May 11, 2010- Milwaukee, WI. Miller Park..Atlanta Braves Jason Heyward steps to the plate, Heyward had 2 hits a RBI, and 2 walks at the plate..Milwaukee Brewers lost to the Atlanta Braves 3-11..Mike McGinnis / CSM.

Time for another round of Baseball Bloggers Alliance award voting — if you were wondering, Ron Washington (AL) and Bud Black (NL) were announced as the winners of the Connie Mack Award. You may remember that Jim Breen of Bernie’s Crew and myself had Bud Black in third place on our ballot.

Today, ballots for the Willie Mays Award are due, and I’m again working with Jim for this vote. The Willie Mays Award is given to the best rookie, and considering we can only vote for three players, this may be the toughest vote. When it comes to the best rookie in the NL, there really is no wrong answer between Jason Heyward and Buster Posey, and after that you have a large group of rookies that probably would have won the award if this were any other year. This is the ballot that we’re submitting as the Milwaukee chapter.

1. Jason Heyward, Atlanta – We won’t be upset if Posey wins, but to us, Heyward is a clear #1. What he was able to do as a 20-year old who played in just three games above Double A — .277/.393/.456, 131 OPS+, 5.0 fWAR — was simply incredible. The fact that he was this good at 20 years old is just flat-out scary, and when you factor in what looks to be above-average defense, Heyward finishes just ahead of Posey.

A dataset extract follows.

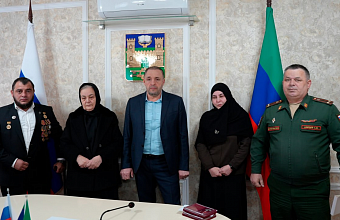 Мэр Хасавюрта передал орден Мужества и орден Святого Георгия IV степени семье погибшего участника СВО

2. Buster Posey, San Francisco – With all that said about Heyward, Posey was still incredible for a rookie. His numbers — .305/.357/.505, 129 OPS+ in 108 games — are extremely good before you even consider he primarily played catcher. Posey was extremely hot down the stretch in the regular season, and the Giants probably don’t make the playoffs without him, but it’s not quite enough to overtake Heyward.

3. Jaime Garcia, St. Louis – This is probably the toughest spot on the ballot, but we have Garcia barely beating out names like Gaby Sanchez, Ike Davis, Starlin Castro, or even Stephen Strasburg here. In the first half of the season, you probably couldn’t find a pitcher that was getting better results. Despite not having eye-popping stuff or peripheral stats, Garcia was so effective thanks to an ability to strike out enough batters (7.27 K/9) and keeping the ball on the ground (55.9% GB%) and in the yard (0.50 HR/9, 8th best in MLB). We both agree that it’ll suck seeing him in the division for at least the next 5 years.